5. a kind of genetically engineered cell, which is characterized in that one or more sites of the genome of the genetically engineered cell are whole Conjunction contains carrier as claimed in claim 4 or carrier in construction or the genetically engineered cell described in having the right to require 1 Combination.

6. a kind of kit, which is characterized in that the reagent for including in the kit one of is selected from the group or a variety of:

(a) construction described in claim 1；

(b) carrier or carrier combination as claimed in claim 4；With

(c) genetically engineered cell described in claim 5.

7. described in a kind of construction as described in claim 1, carrier as claimed in claim 4 or carrier combination, claim 5 Genetically engineered cell or claim 6 described in kit purposes, which is characterized in that for carrying out high-throughput external albumen Synthesis.

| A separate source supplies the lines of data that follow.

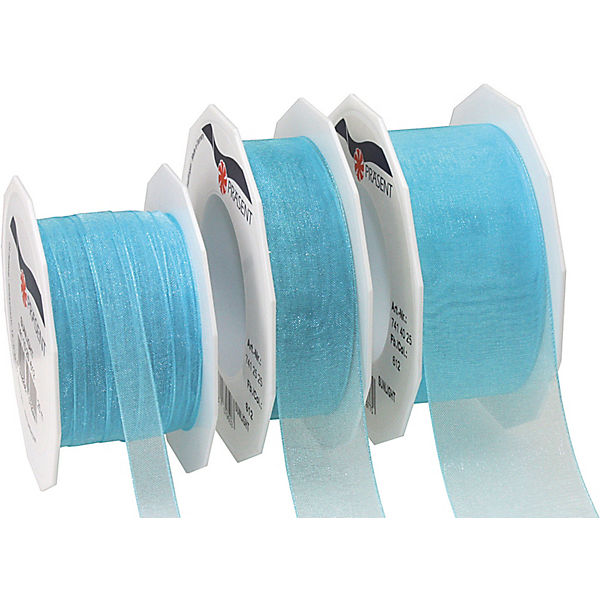 25m Geschenkband 10mm "Organza"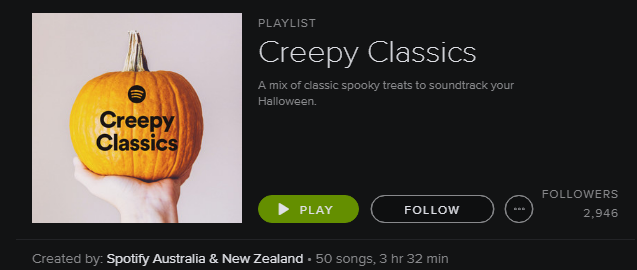 Lista de reprodução Spotify - Creepy Classics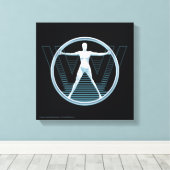 Westwelt | Vitruvian Android-Logo Leinwanddruck (Insitu (Holzboden))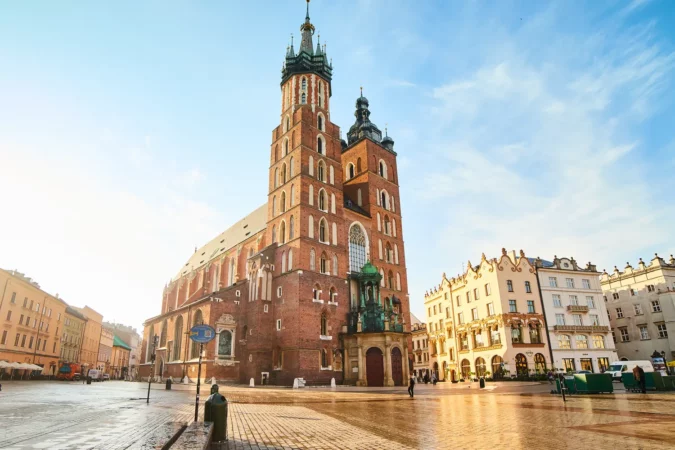St. Mary's Basilica on the Krakow Main Square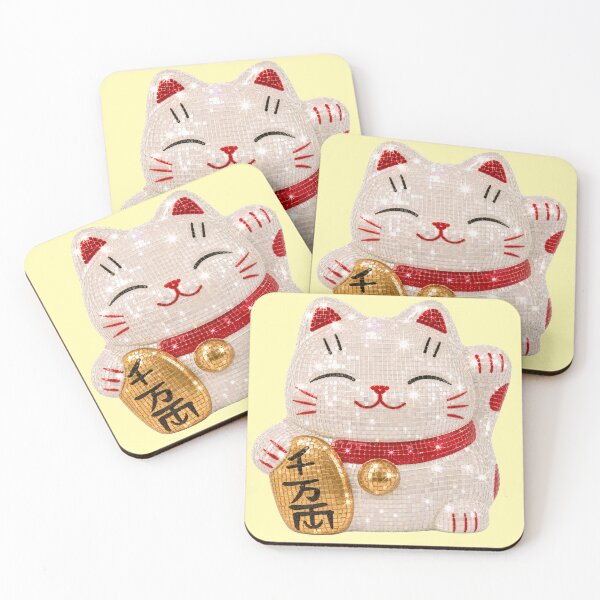 Item preview, Disco Lucky Cat designed and sold by Eleanor Reyelt Art.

8. a kind of foreign protein synthetic method of external high throughput, which is characterized in that comprising steps of

(i) in the presence of eukaryon external biological synthetic system, nucleic acid constructs described in claim 1 is provided；

(ii) under the suitable conditions, the eukaryon external biological synthetic system of incubation step (i) T1 for a period of time, to synthesize institute State foreign protein.

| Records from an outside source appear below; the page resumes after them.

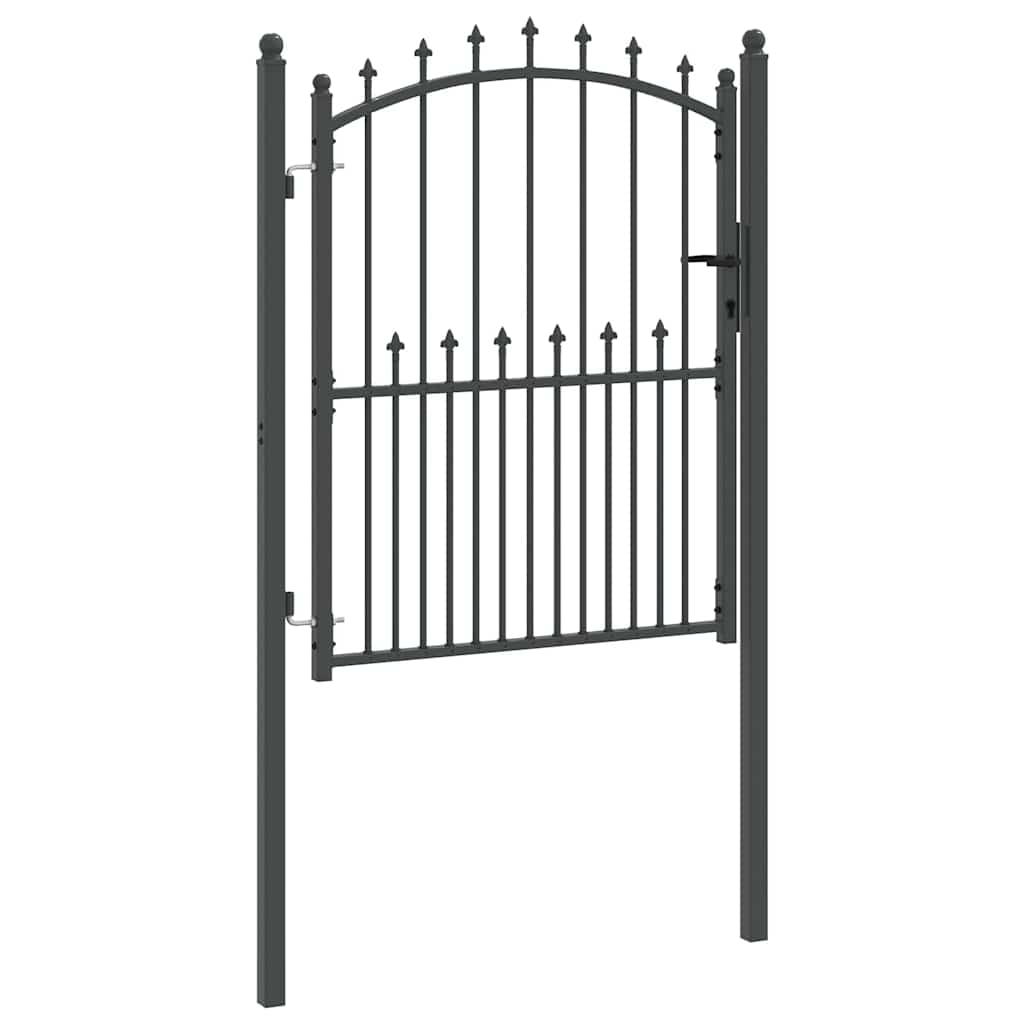 Cancello della recinzione con punte EMMEN 150 x 100 cm | homemem39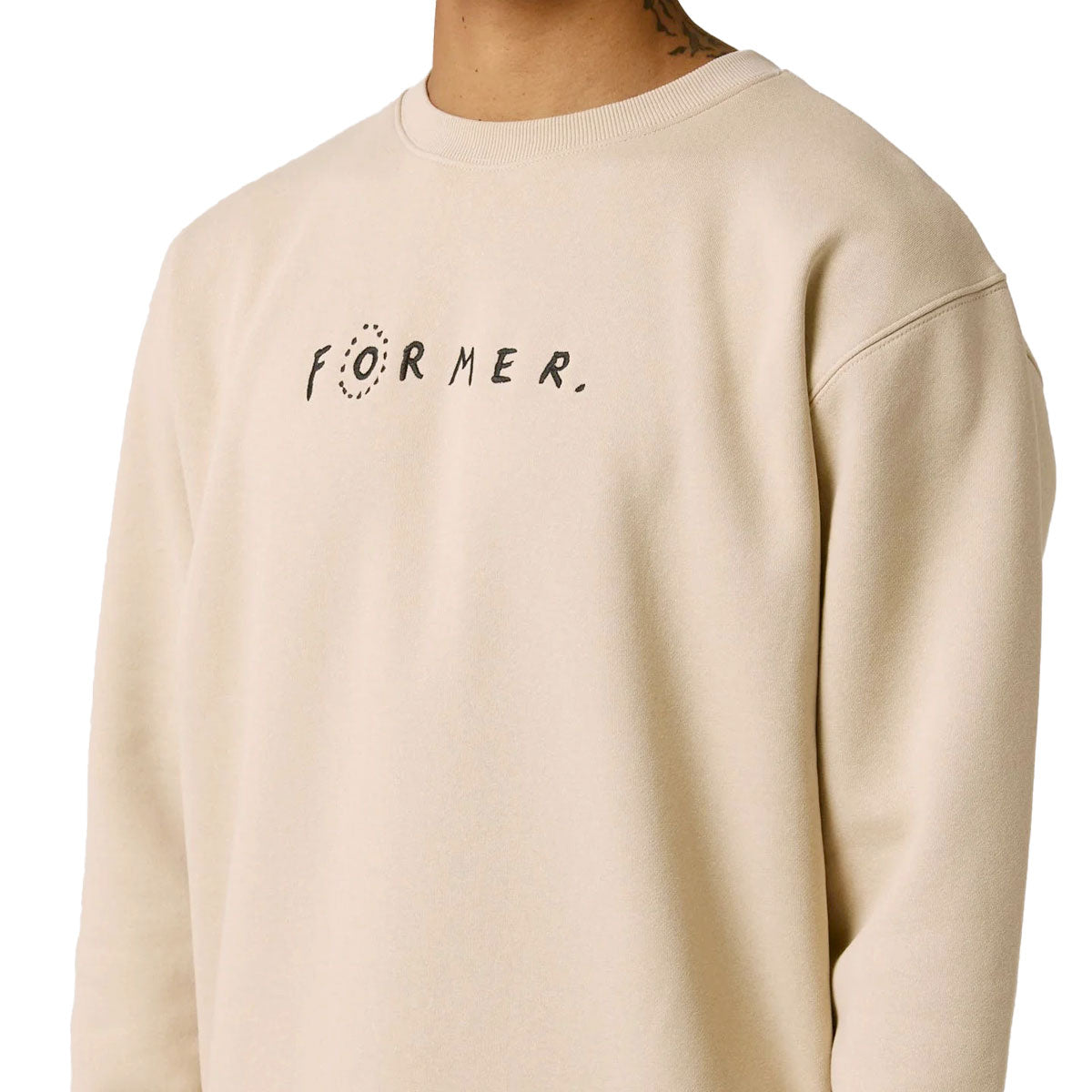 Former Skittish Crew Sweatshirt - Bone – Daddies Board Shop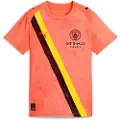 Puma KIDSUPER x MANCHESTER CITY Jersey Youth, Clothing, Neon Sun/Black, 11-12Y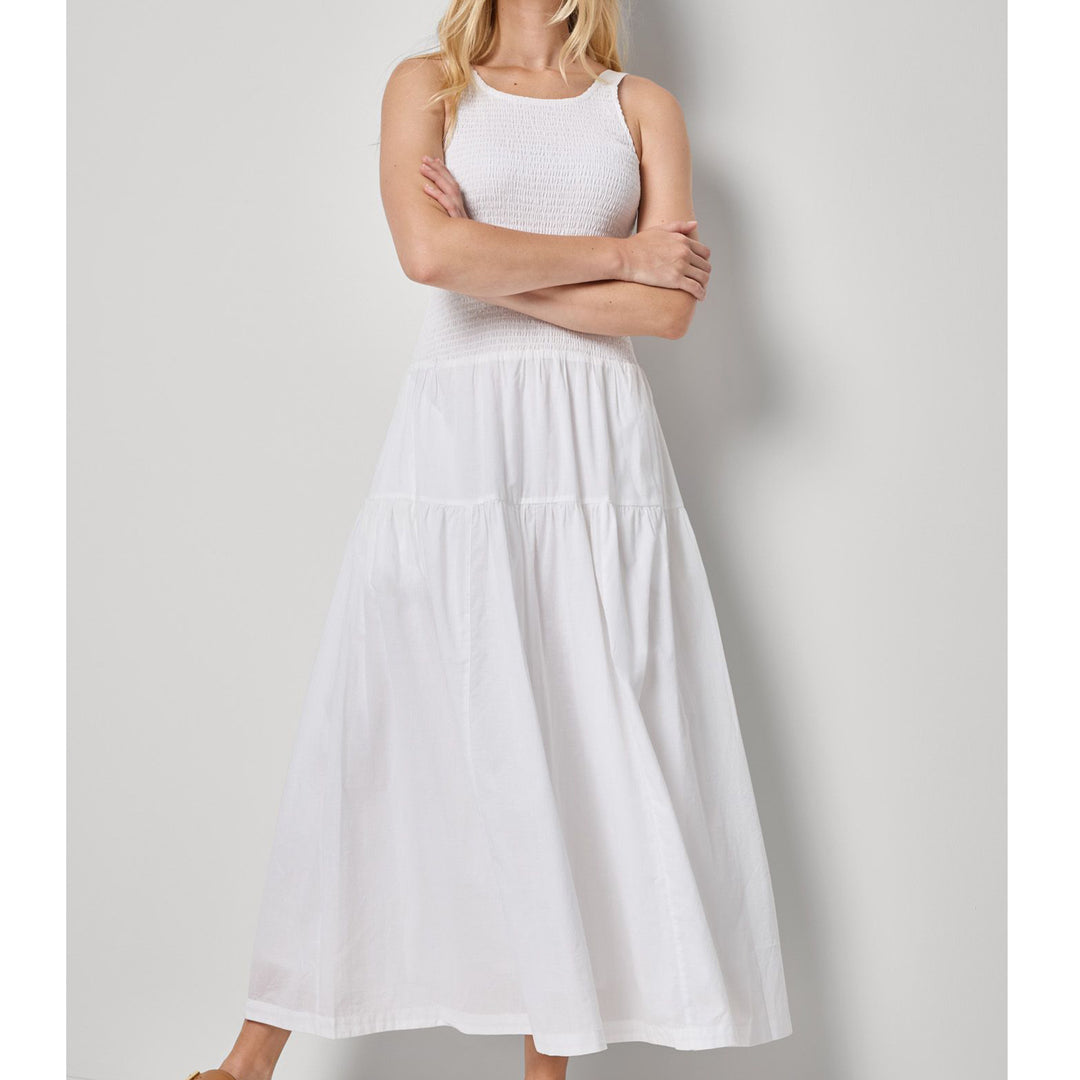 LILLA P SMOCKED BODICE MAXI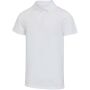 Graphite 180 g/m² unisex OCS organische polo met korte mouwen - Wit - XS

9. method according to claim 8, which is characterized in that the method also includes: (iii) is optionally from the eucaryote In outer biology synthetic system, the foreign protein is separated or detected.

10. a kind of catenation sequence, which is characterized in that the catenation sequence is selected from the group:

(i) sequence polynucleotides as shown in SEQ ID NO.:3 or 5；

(ii) homology >=75% of sequence shown in nucleotide sequence and SEQ ID NO.:3 or 5 is (preferably >=85%, more preferably >=90% or >=95% or >=98% or >=99%) polynucleotides；

(iii) end 5' and/or the end 3' of the polynucleotides shown in SEQ ID NO.:3 or 5 truncate or addition 1-60 is a (preferably 1-30, more preferably 1-10) nucleotide polynucleotides；

(iv) polynucleotides complementary with (i)-(iii) any polynucleotides.